Originally Posted by
Emil Miller
It may not be a good sign but it shows that my interest in the subject is more thorough than your own. This thread was ostensibly about Mein Kampf but ,inevitably, it went off topic to the man himself. The reason being that despite all the obvious things we know he was responsible for, there are others that tend to get overlooked in the blanket condemnation. Hitler's childhood was traumatic and this, added to the defeat of Germany in WW1, may have been the reason for his behaviour but, either way, his arrival on the political scene is of massive importance in historical terms. My interest in German history certainly predates that of the Third Reich although its proximity to our times obviously gives people a chance to examine it more thoroughly than would otherwise be the case. In doing so, and without diminishing in any way the terrible things that occurred under his rule, it is obvious that everything about him should be considered and not just the mass murder and war. No matter how terrible a man he was and despite the propaganda build up, he remains one of the most interesting historical figures who will be studied and disputed for centuries to come.

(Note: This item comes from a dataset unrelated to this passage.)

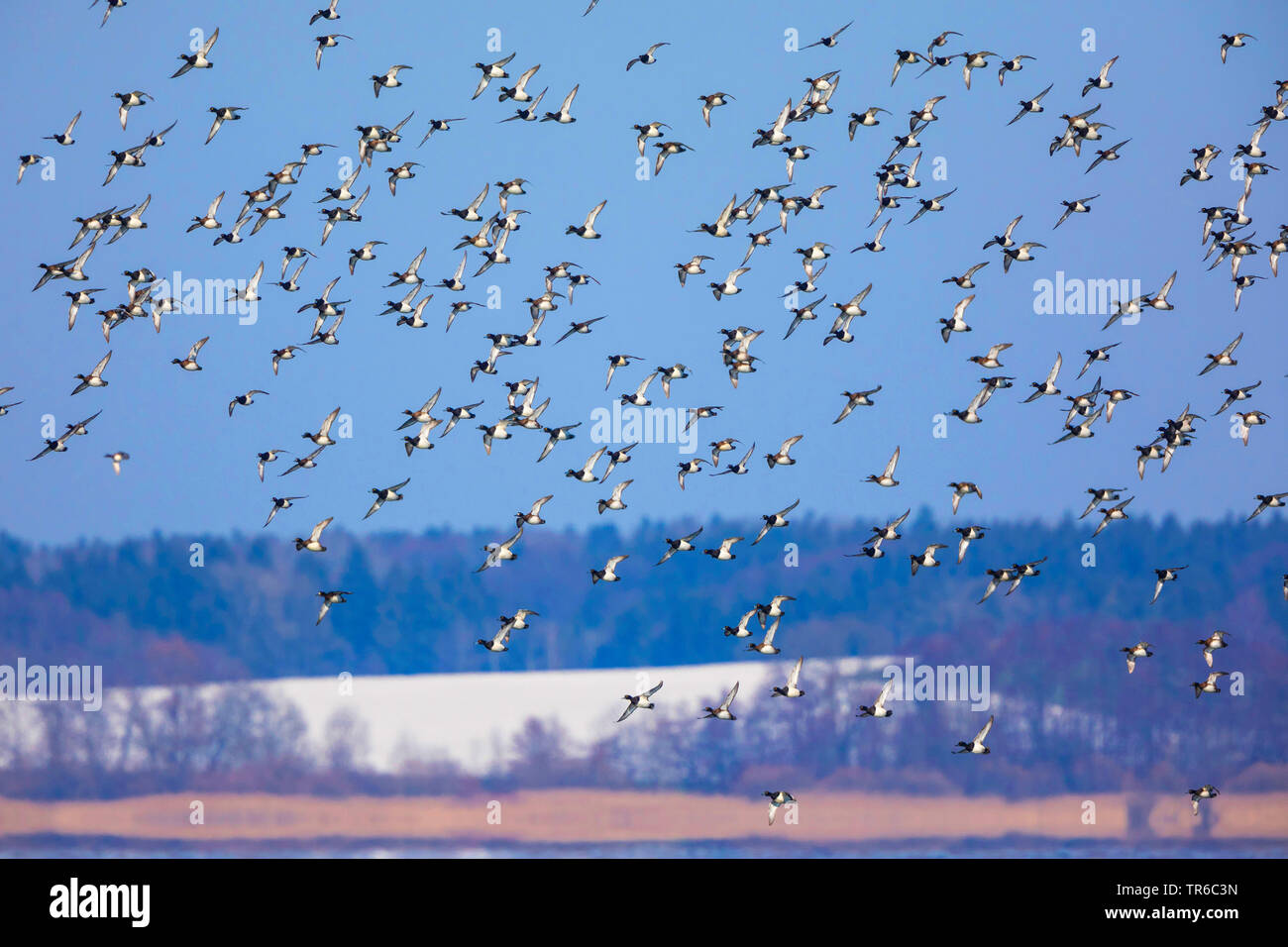tufted duck (Aythya fuligula), big flock of winter guests, flying, Germany, Bavaria Stock Photo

Here's what George Orwell wrote about him during the WW11:
"I should like to put it on record that I have never been able to dislike Hitler...The fact is that there is something deeply appealing about him...It is a pathetic, dog-like face, the face of a man suffering under intolerable wrongs. In a rather more manly way it reproduces the expression of innumerable pictures of Christ crucified, and there is little doubt that that is how Hitler sees himself. ...He is the martyr, the victim, Prometheus chained to the rock, the self-sacrificing hero who fights single-handed against impossible odds...One feels, as with Napoleon, that he is fighting against destiny, that he can't win, and yet that he somehow deserves to."
"He has grasped the falsity of the hedonistic attitude to life. Nearly all western thought since the last war, certainly all 'progressive' thought, has assumed tacitly that human beings desire nothing beyond ease, security, and avoidance of pain. In such a view of life there is no room for patriotism and the military virtues. The Socialist who finds his children playing with soldiers is usually upset, but he is never able to find a substitute for the tin soldiers; tin pacifists somehow won't do..... Whereas Socialism, and even capitalism in a more grudging way, have said to people, 'I offer you a good time,' Hitler has said to them, 'I offer you struggle, danger, and death,' and as a result a whole nation flings itself at his feet."
Couple this with the fulsome praise from Churchill during the 1930s that I have mentioned and the fact that Hitler was named Time Magazine's 'Man of the Year' in 1938, and it's plain to see that there was more to Hitler than one might expect.